When Uganda Tourism Board reached out to me to join a trip organized for senior media managers to familiarize themselves with the magnificent Murchison Falls National Park, I didn’t have to think twice despite having two other events.
For there are few experiences one can compare with interacting with the wild, or water resources such as the Nile river. The trip from Kampala to Chobe Safari Lodge in Nwoya District was in uneventful, until we made a stopover at Kabalega restaurant in Nakasongola district. For anyone making a leisure or business trip to northern Uganda, this is one spot that comes handy.
Honestly they have delicious food but unfortunately, maybe because we were too many to handle our orders, the waiters somehow mixed up menus. But, Kabalega is a relaxing place where you can break from the long journey and eat or drink something without much worry. We drove comfortably to the upscale lodge in the middle of the game park facing the river. Chobe is a gem in a forest.
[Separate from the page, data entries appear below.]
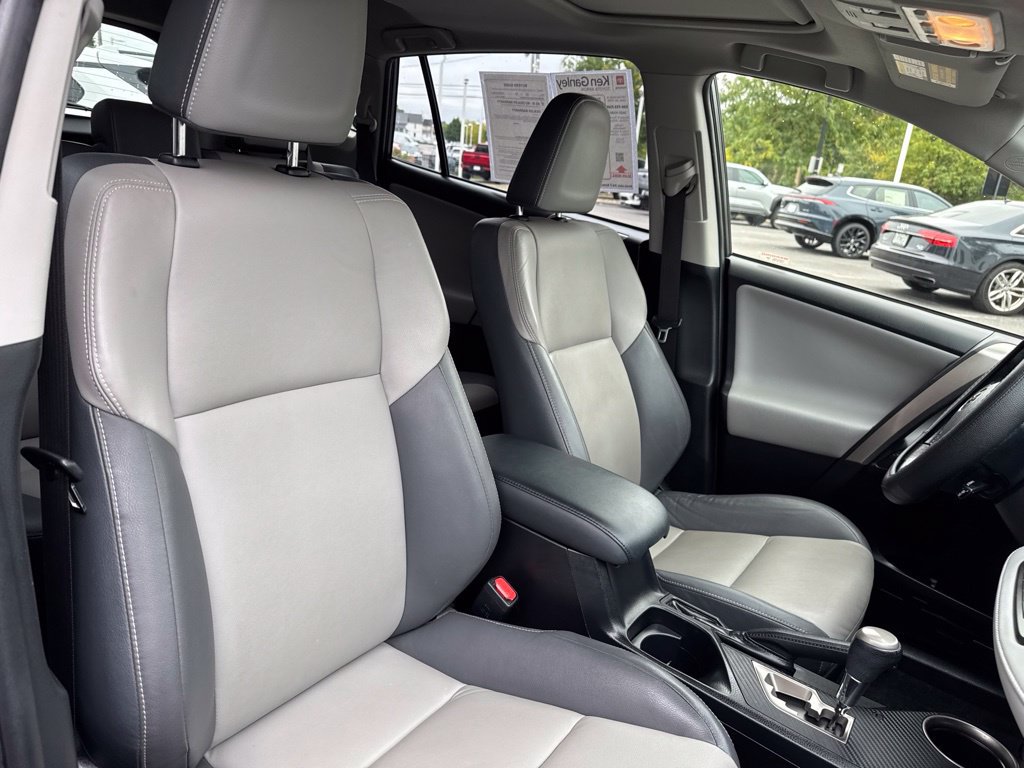 Used 2015 Toyota RAV4 Limited AWD/4WD image 35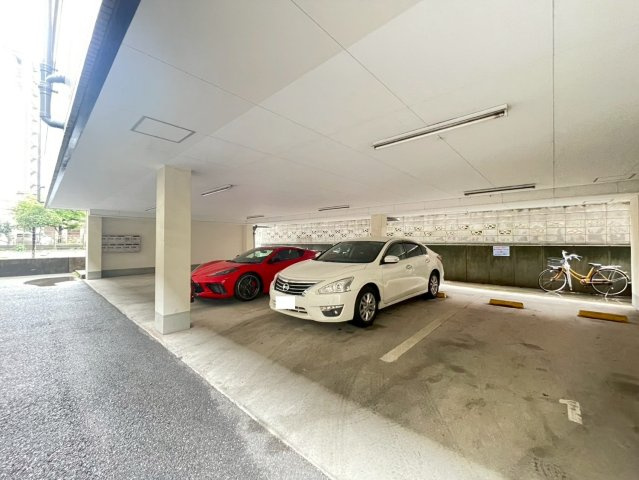 【駐車場】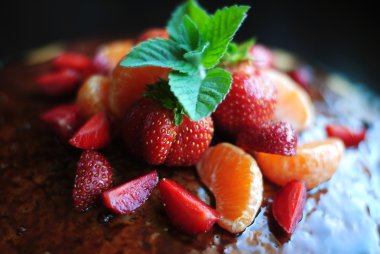 Sünger kek meyve ve çikolata ile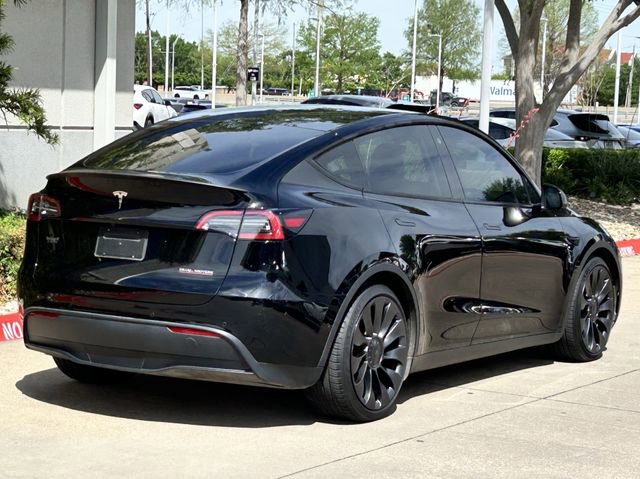 Used 2022 Tesla Model Y Performance image 4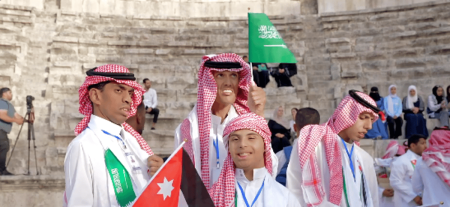 طلاب سعوديون يشاركون في احتفالات الأردن بيوم الاستقلال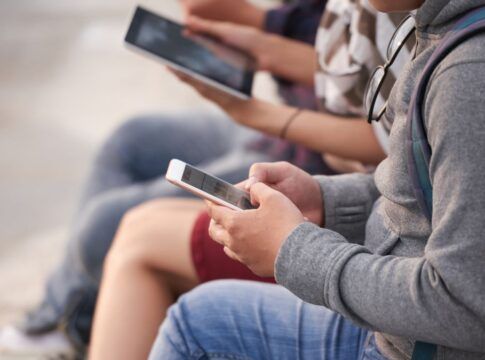 Portugal aprova restrições a acesso de adolescentes de 13 a 16 anos a redes sociais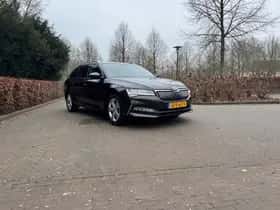 Škoda Superb thumbnail 25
The environment surrounding the lodge is all natural – and the facility compliments nature. Located 13km off the main Gulu road, we arrived at Chobe around 7.30pm. Before we could check in, we had already seen wild animals having their final round of a meal on a Friday evening. Chobe is a product of Marasa Group, a company owned by Madhvani Group. We were told by the community liaison officer for Murchison Jose Muhangi, that the name chobe in Luo means a ‘place without men’.
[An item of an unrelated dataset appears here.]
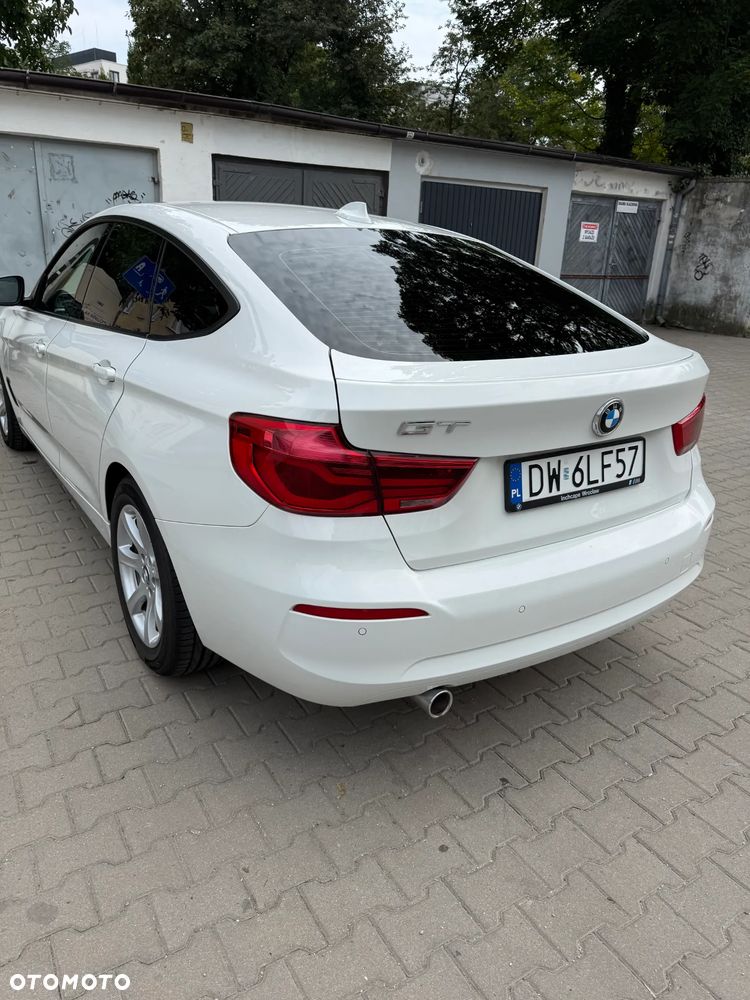 BMW 3GT 318d - 5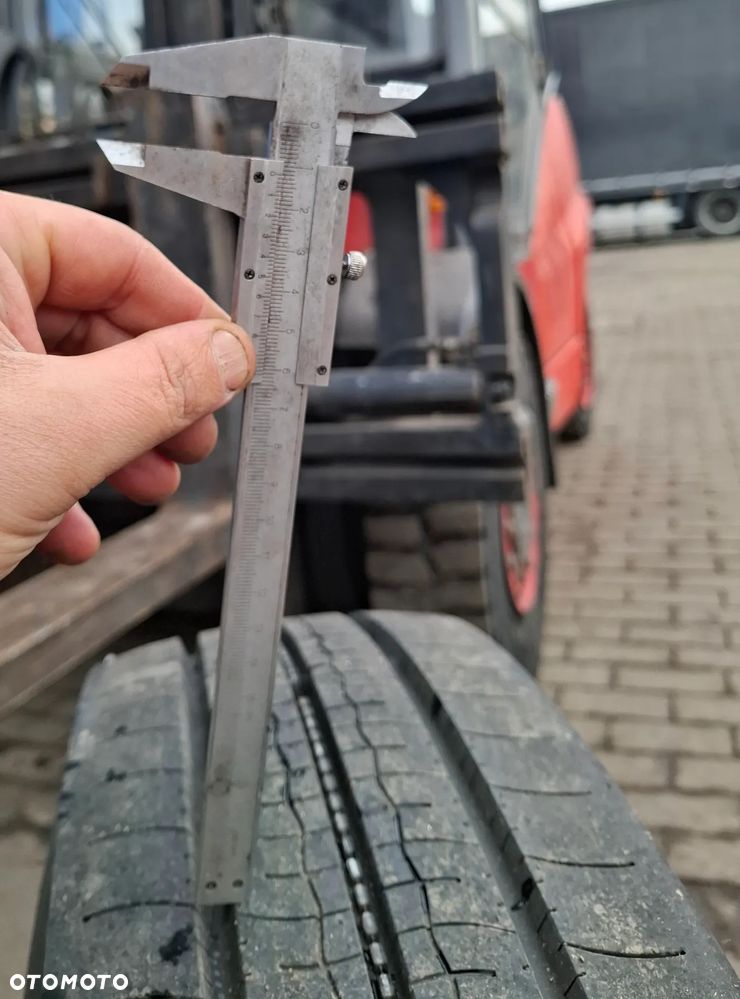 Felga z oponą Bridgestone R-STEER 002 rozmiar 215/75 R17.5 - 7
The name was corrupted by the British, but in this area, women lost their husbands to either wars or wild animals so the many widows which gave the place its name. The world class facility was not short of guests for the two nights we were there as several tourists were trickling in private and tourist vehicles. The general manager of the facility James Rattos intimated to us that for the past one and half years, there are more Ugandans staying at Chobe than any nationality on the planet.
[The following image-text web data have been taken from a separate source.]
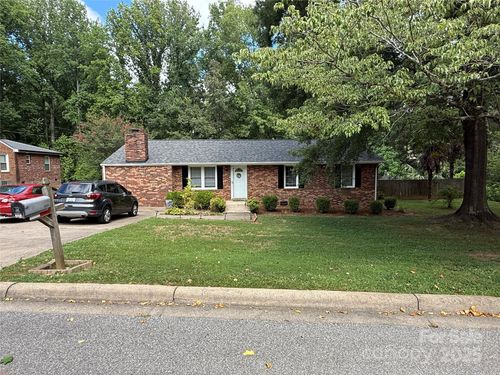804 Lee St, Kings Mountain, NC, 28086-3712 | Card Image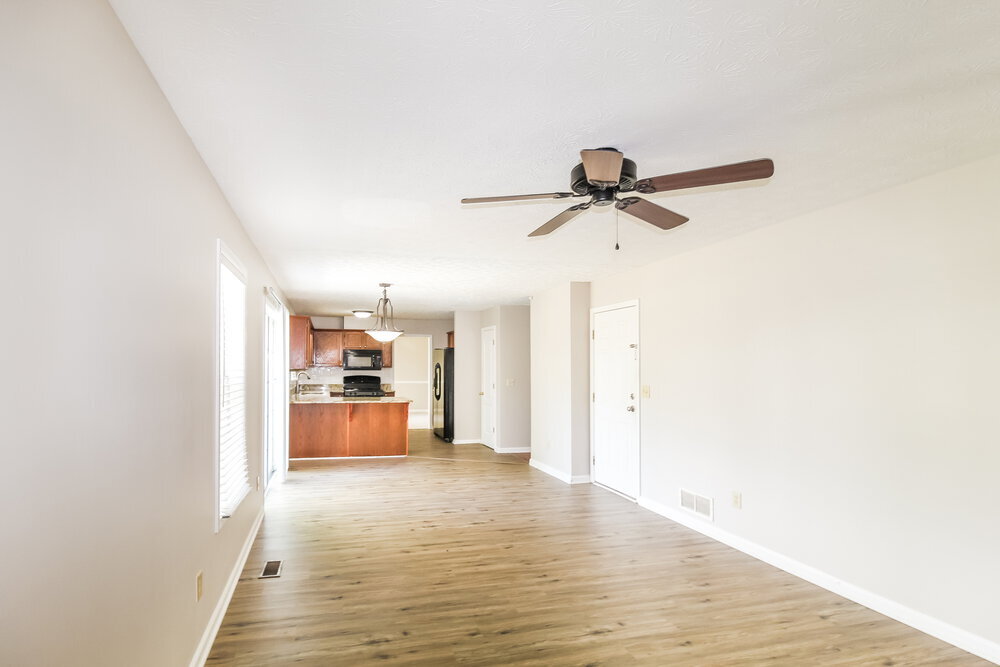 Building Photo - 2915 Emerson Lake Dr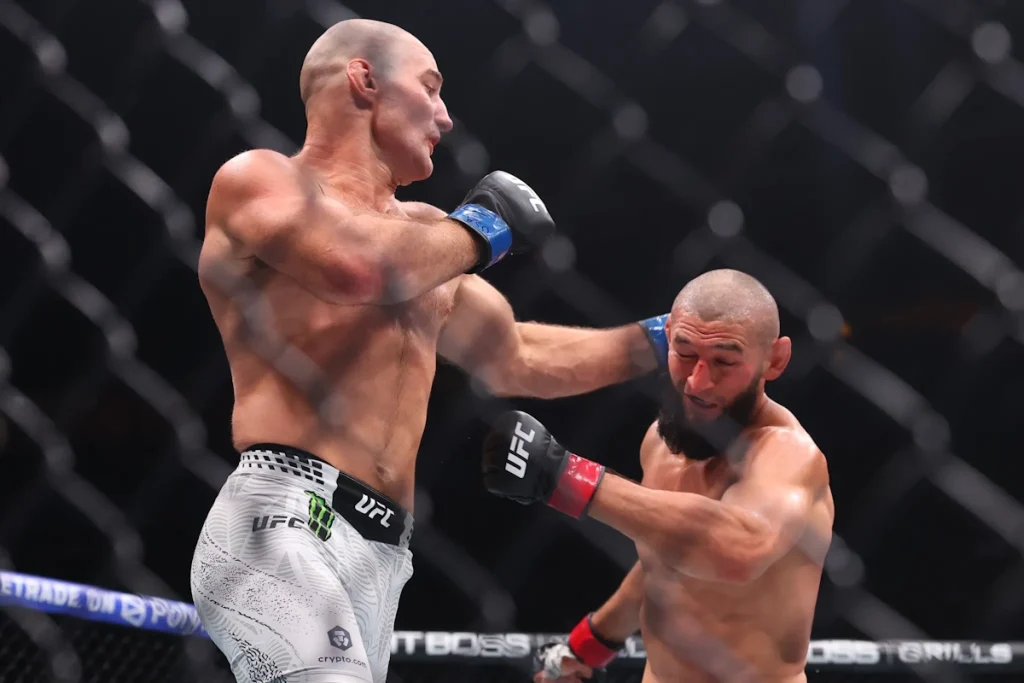 شان استریکلند با تحمیل اولین شکست حمزه چیمایف قهرمان میان وزن UFC شد
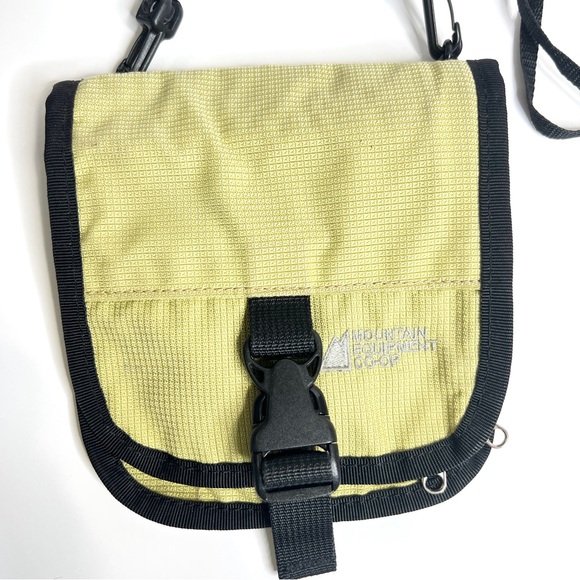 Mountain Equipment Co-Op Travel Crossbody Side Sling Wallet Y2K Gorpcore - Picture 2 of 12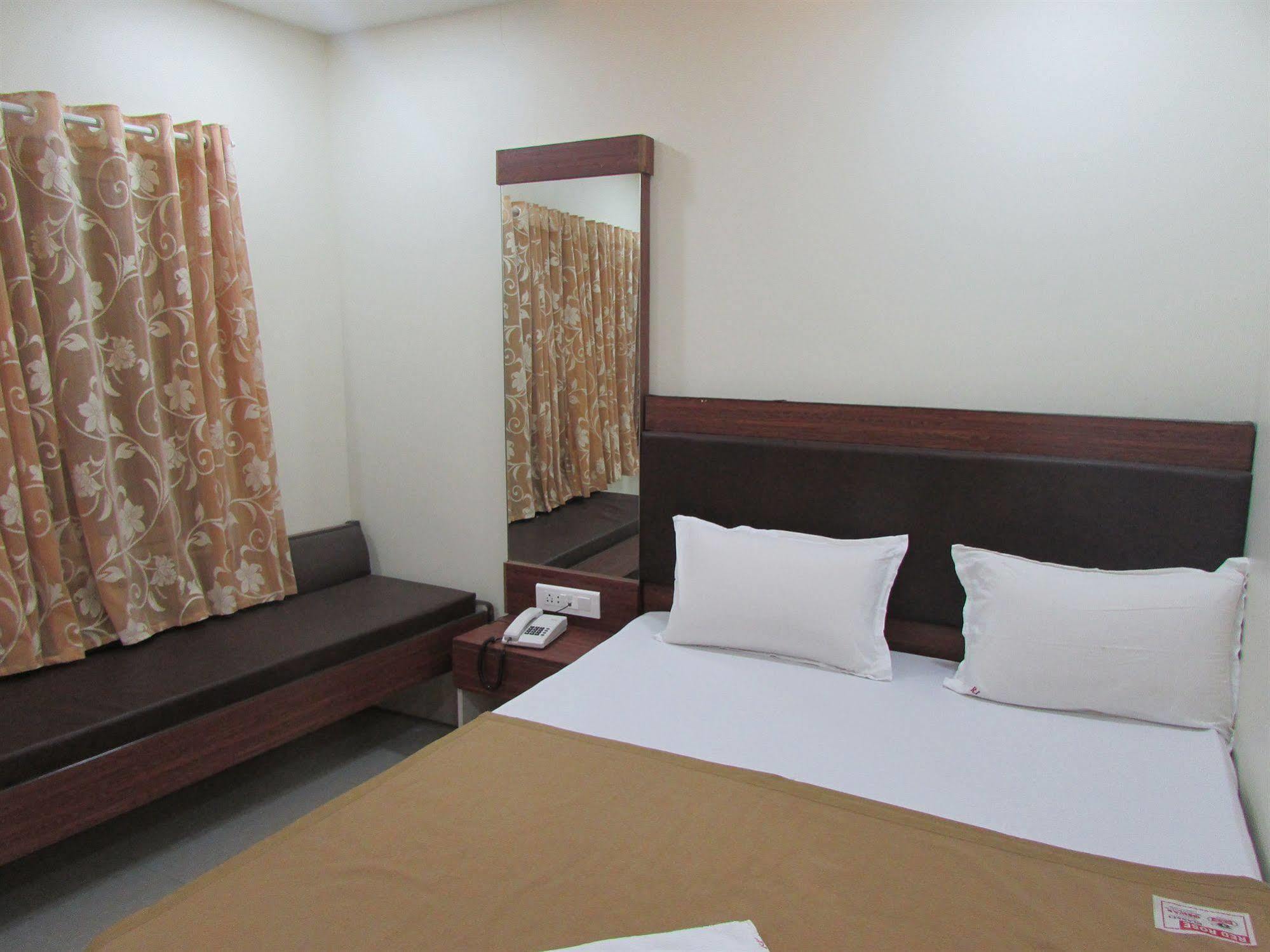 Hotel Royal Annex à Bombay Extérieur photo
This was a good sign that Ugandan middle class was starting to spend on Ugandan tourism. The reception and restaurant of Chobe are located at a premium part of the facility overlooking a steep valley, where at the bottom the Nile flows fast towards Lake Albert. A few steps below the balcony, are several swimming pools where residents are spoilt for choice if they want to swim. A fire place was set between the river and the bar at the swimming pool. Whether day or night, here, you hear hippos charging or playing in water.
The sight of hippos is also a common place, but there are security to ensure no accidents take place. On our first night, the entire group comprising senior editors and producers sat around the fire to talk about Uganda’s tourism. Listening to Stephen Asiimwe, the CEO of the Uganda Tourism Board talk he underscored the fact that tourism was everyone’s business. He made a case for the media to support the tourism sector as tourism was a single sector that has potential to impact all sectors of the economy.
Apparently, according to Asiimwe, tourism contributes about 10% to Uganda’s gross domestic product and swears it could double or triple if all pieces of the puzzle were put in place. Talking over the fire place, we could not realize time was flying into the night. The laughter from conversation, questions and comments flowed. Wines and beers rained as the fire warmed up the pale tired faces. Time flew. No one was realizing until Rattos reminded us it was dinner time but the discussion on Uganda tourism sector was raging, from the concerns of the restaurants and curio shops charging in dollars to the yet to meet the standard service in our service sector.
Dinner was served hot. And yes, at a balcony overlooking the river. For now, I am thinking this must be the best part of the lodge to enjoy a meal, while enjoying nature surrounding this gem inside the animal paradise. Did I say, by this time; we have seen not only hippos coming as close as 15 metres from us, but, along the road, we had also rubbed shoulders with giraffes, elephants, baboons, monkeys, and antelopes. And this was before we stepped out for the game drive. It is 12.25am and I just need a good sleep.
Tomorrow is going to be a long day as we are waking up at 5.30am and set off at 6pm for a game drive around the park. I am excited and anxious.